Ebb & Flow — Meaghan Haughian
Meaghan Haughian’s art came to my rescue one day two years ago. I was sitting in a doctor’s office, awaiting what I thought would be some bad news. As usual, the doctor was very late so I was left to count the ceiling tiles five times. And then I noticed one of Haughian’s distinctive collages pinned to the wall.
The collage was a life-affirming creation. A long figure stood, literally rooted to the ground, looking skyward most optimistically. I knew that particular work from an exhibition the artist had recently had at La Petite Mort Gallery. The collage felt like an old friend, metaphorically holding my hand, offering me comfort on a distressing day.
Well, the doctor arrived and conveyed good news. I’m sure Haughian’s magical art was at least partially responsible.
Haughian has a new exhibition of collage work at La Petite Mort running until Jan. 4. It is called Ebb and Flow.
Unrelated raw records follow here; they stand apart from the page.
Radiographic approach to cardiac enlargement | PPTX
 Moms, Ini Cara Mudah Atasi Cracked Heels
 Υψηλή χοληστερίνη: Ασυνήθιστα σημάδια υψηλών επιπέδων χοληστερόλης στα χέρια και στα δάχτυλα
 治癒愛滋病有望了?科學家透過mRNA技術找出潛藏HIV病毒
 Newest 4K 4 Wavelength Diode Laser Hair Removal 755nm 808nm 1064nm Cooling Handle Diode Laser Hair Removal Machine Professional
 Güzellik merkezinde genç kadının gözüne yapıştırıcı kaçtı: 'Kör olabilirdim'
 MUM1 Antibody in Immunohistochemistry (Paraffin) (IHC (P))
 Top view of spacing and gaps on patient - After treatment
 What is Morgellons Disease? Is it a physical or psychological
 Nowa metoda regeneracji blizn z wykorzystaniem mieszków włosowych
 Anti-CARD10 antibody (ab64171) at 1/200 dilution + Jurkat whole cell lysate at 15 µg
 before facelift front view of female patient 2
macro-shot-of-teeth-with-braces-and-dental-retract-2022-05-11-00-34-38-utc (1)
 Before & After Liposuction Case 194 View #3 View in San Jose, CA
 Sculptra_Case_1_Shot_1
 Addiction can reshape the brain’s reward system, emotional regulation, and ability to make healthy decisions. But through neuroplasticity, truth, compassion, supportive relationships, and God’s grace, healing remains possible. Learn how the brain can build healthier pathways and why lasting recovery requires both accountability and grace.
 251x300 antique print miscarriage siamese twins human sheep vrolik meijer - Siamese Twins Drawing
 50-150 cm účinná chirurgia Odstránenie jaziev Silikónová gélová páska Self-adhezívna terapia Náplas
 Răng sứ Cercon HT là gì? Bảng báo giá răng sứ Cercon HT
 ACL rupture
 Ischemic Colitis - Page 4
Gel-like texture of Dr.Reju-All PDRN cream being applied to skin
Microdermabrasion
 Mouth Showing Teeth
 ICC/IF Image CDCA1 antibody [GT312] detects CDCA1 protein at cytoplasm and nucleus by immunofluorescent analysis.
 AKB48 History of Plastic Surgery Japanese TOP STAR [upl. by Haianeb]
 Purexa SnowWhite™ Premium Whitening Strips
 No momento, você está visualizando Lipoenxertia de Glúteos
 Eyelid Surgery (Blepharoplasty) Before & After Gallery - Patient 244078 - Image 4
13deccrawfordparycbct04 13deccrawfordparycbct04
I’ll let Haughian explain her new work:

“I didn’t set out to make this exhibition about my Mom but she kept emerging. Last year she was diagnosed with Alzheimer’s. After emptying her Toronto home of its contents, I was left with a pile of boxes that I still don’t know what to do with but can’t throw out. Hundreds of photos capture elements of my mom that I will never know.
“Ebb and Flow continues my exploration into collective human experience, personal history and the dualities of life, but with a different approach to the content and materials. In these mixed media collages, I have let the photographic and painted areas exist as they are rather than blending them together. They are absent of the partially legible handwriting typically layered in my work. And most significantly, they are not narrative-driven.
“This recent body of work reflects upon the unfathomable: the tangible and ethereal; the past and future; the vastness of the sky and the minuteness of neurons. Contemplative and intimate, each piece captures a moment in time and a state of being. My mom is preserved in the early stages of her adult life while thoughts and emotions revolve and drip around her, attempting to connect. Like the images that are depicted – a wreath, a cloud, an ambiguous space – these artworks have no beginning or end. They are meditations on grief, understanding and acceptance. How do you mourn a life that isn’t over?”